Following Desmond from his youth, through basic training, and eventually onto the horrific battlefield in Okinawa, we come to understand the emotional decisions that motivated this man of conviction. The story is one of history—a Conscientious Objector is awarded the Medal of Honor without ever firing a shot.
Andrew Garfield is really perfect as the awkward Desmond, who is picked on and ridiculed even to the point of violence through basic training. But he manages to melt hearts through standing firm on his beliefs, even if those around him don’t share in those convictions. There are moments in this film that are emotionally gut wrenching and not all of these take place on the field of war.
The target of much criticism will be the casting of Vince Vaughn in the role of drill instructor Sergeant Howell. The gangly Vaughn channels his best R. Lee Erney, the actor who stunning portrayed the drill instructor in Kubrick’s “Full Metal Jacket.” Such comparison’s while inevitable are a bit unfair. Erney played his role largely in one dimension—sadistic mode. Vaughn, on the other hand, has moments when he is expected to relate to Desmond and even fight along side him in Okinawa during the film’s climatic sequences. This is where the casting works, and Vaughn overcomes the criticism.
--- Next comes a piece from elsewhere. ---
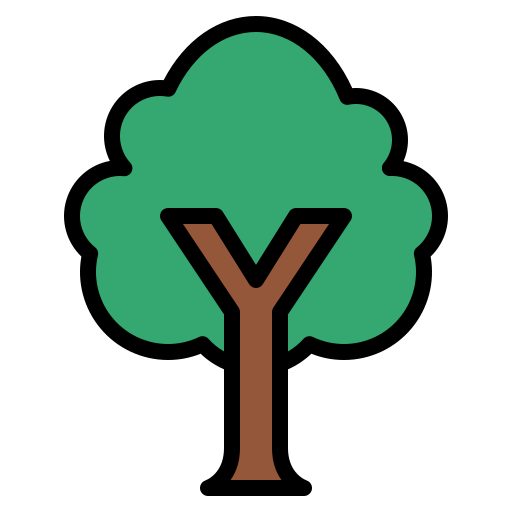 나무 Iconixar Lineal Color icon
The other discussion that has swirled around “Hacksaw Ridge” is Mel Gibson’s fall from grace following troubles with alcohol. Gibson may be a flawed person, but few can dispute his talent as a director. This is a film worthy of the Clint Eastwood canon. And after the likely critical and box office success of “Hacksaw Ridge,” the independently minded Gibson should have no problem finding financing for his next project.
Harrowing, well-acted, and remarkably all true, “Hacksaw Ridge” is a powerful film. It is also romantic in a surprising way as Doss and his true love Dorothy Schutte (Teresa Palmer) grapple with his convictions that puts a strain on their relationship. Those that scoff at the religious posturing and viewers who may be initially put off by the inspirational moniker need not be concerned, this is an old fashioned, yet, still modern and violent approach to exposing the horrors of war while celebrating the heroism that is on display.